The answer must consist only of the lines in the records below from the line with "zsanett dancsa business card" to the line with "MÜELLERHOME Retro Toaster", both included, copied word for word with every picture left out.
Top of SUPPLIED RECORDS
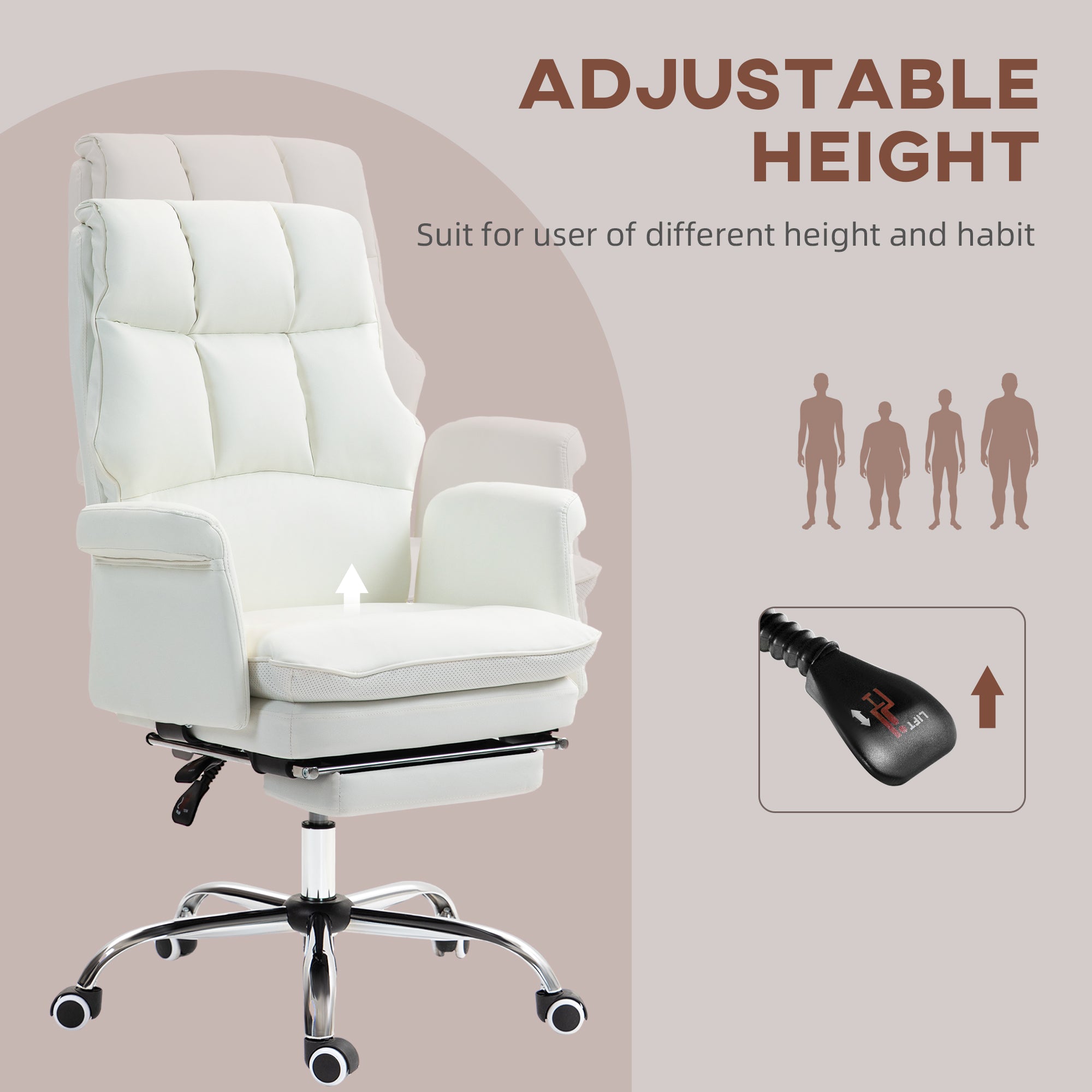 PU Leather Executive Office Chair Ergonomic Reclining Desk Chair with Footrest White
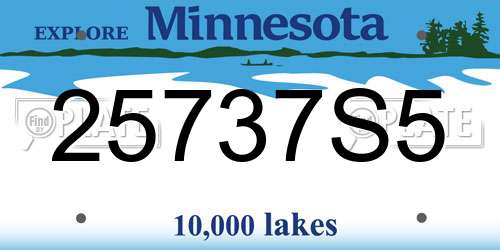 25737S5 Minnesota License Plate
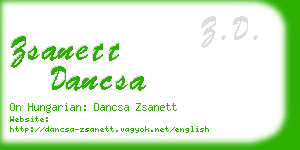 zsanett dancsa business card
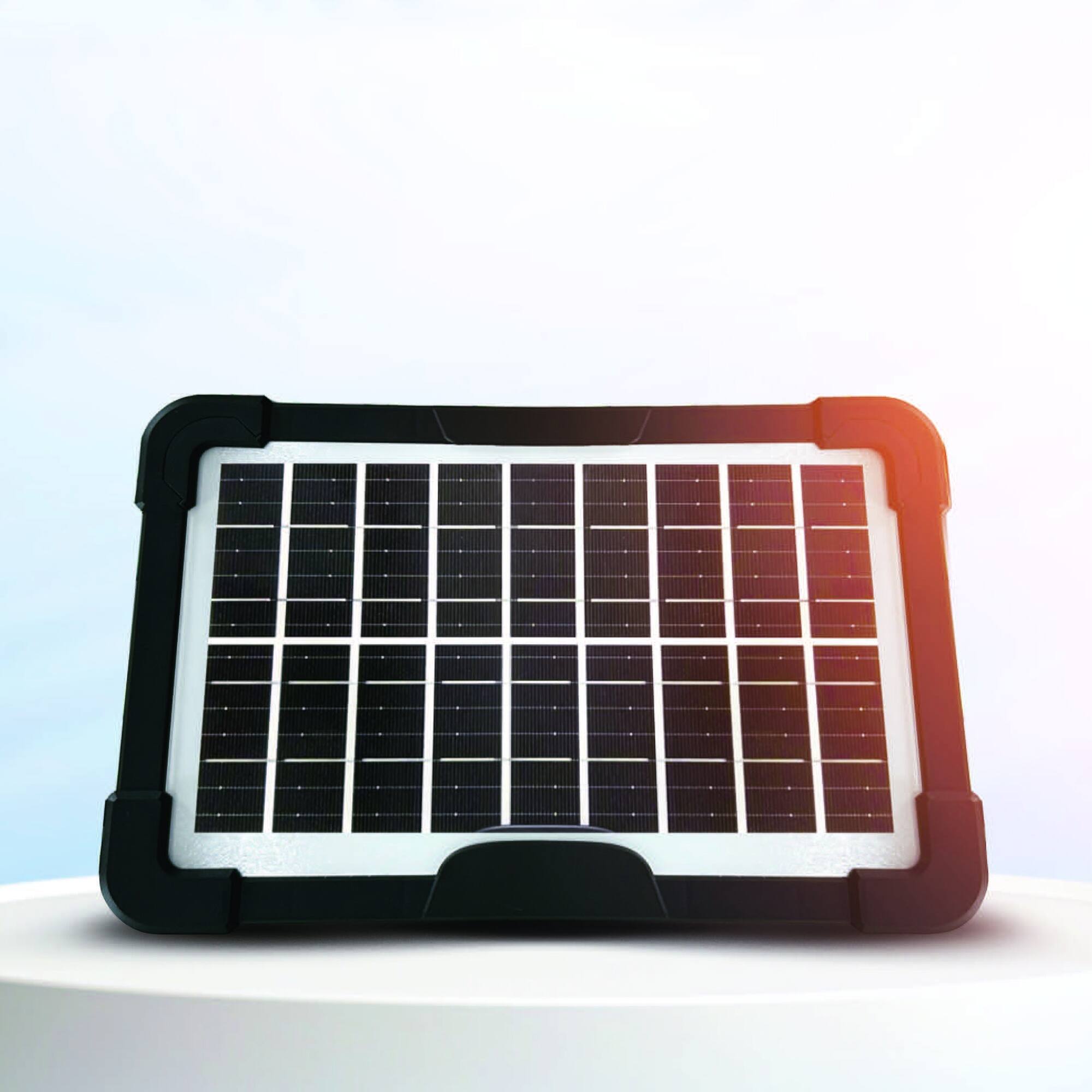 Alt View 2. Airbro - FSA-12 12" Rechargeable AC/DC Fan with Solar Charging - White.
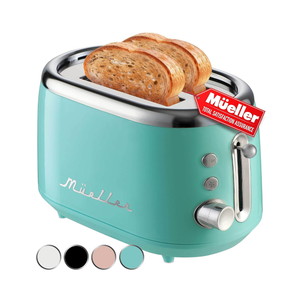 MÜELLERHOME Retro Toaster 2 Slice, 7 Browning Levels, 3 Functions (Reheat, Defrost, Cancel), Stainless Steel Features, Removable Crumb Tray, Under Base Cord Storage, Turquoise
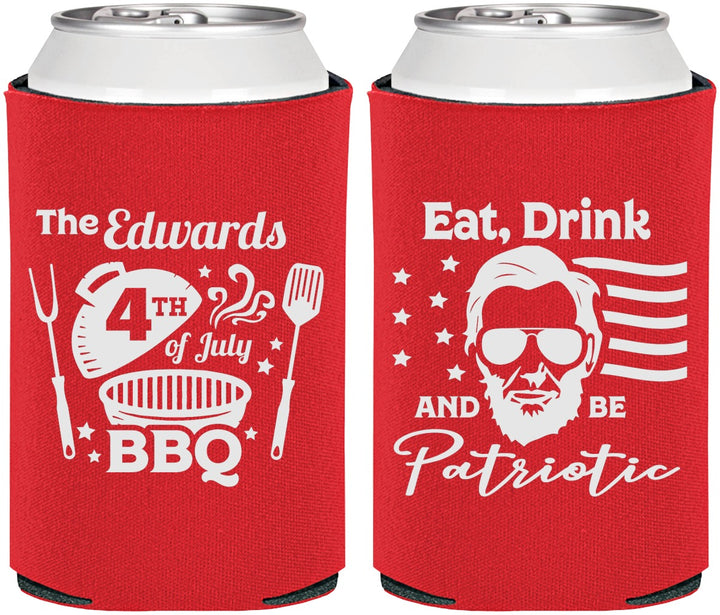Personalized 4th Of July Can Coolers - Eat Drink Patriotic | 220006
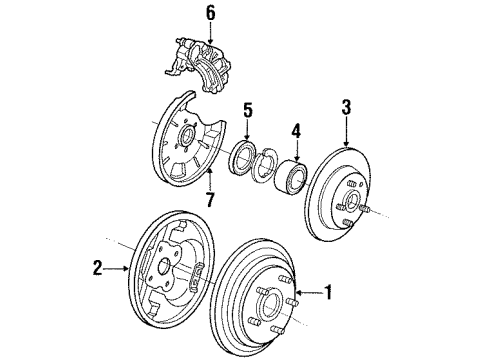 1989 Ford Probe Rear Brakes Rotor Diagram for YS8Z-1V125-CA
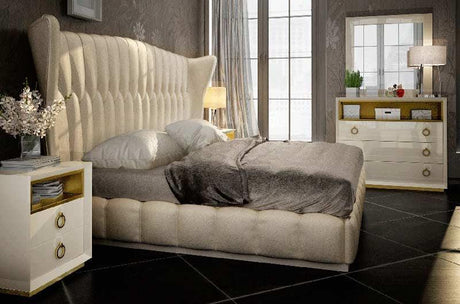 Esf Furniture - Velvet 4 Piece Eastern King Bedroom Set In Cream - Velvetekb-4Set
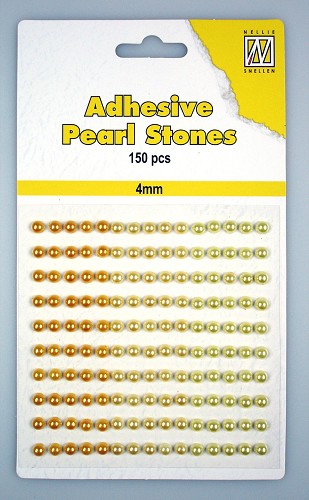 APS404 Adhesive Pearl Stones 150 Stck 4mm gelb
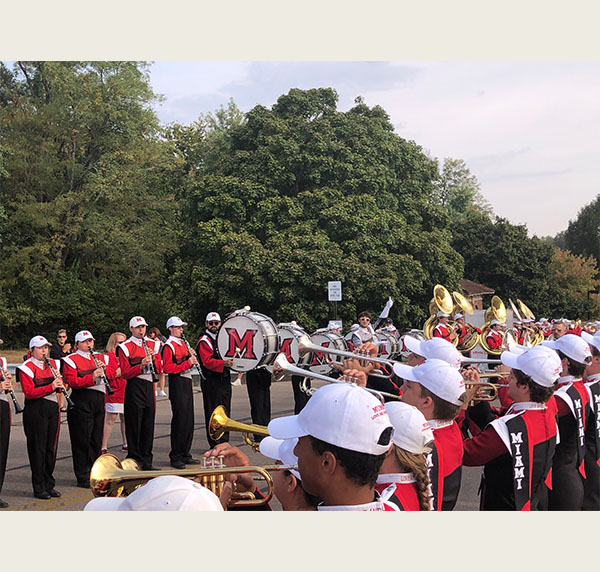 The MUMB performs during a pre-game Hawk Walk (photo by Tim Cary)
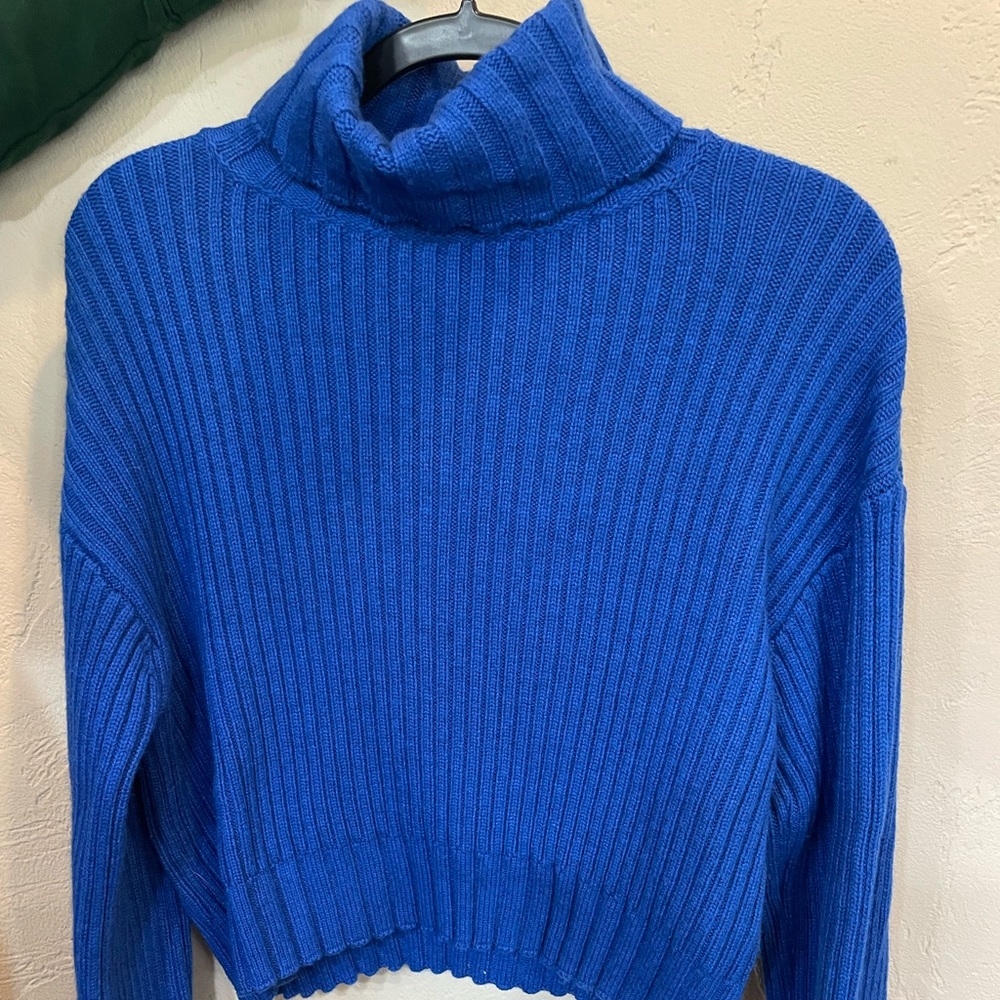 Blue crop turtle neck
Bottom of SUPPLIED RECORDS
» **WRITTEN RESPONSE**
 zsanett dancsa business card
 Alt View 2. Airbro - FSA-12 12" Rechargeable AC/DC Fan with Solar Charging - White.
 MÜELLERHOME Retro Toaster 2 Slice, 7 Browning Levels, 3 Functions (Reheat, Defrost, Cancel), Stainless Steel Features, Removable Crumb Tray, Under Base Cord Storage, Turquoise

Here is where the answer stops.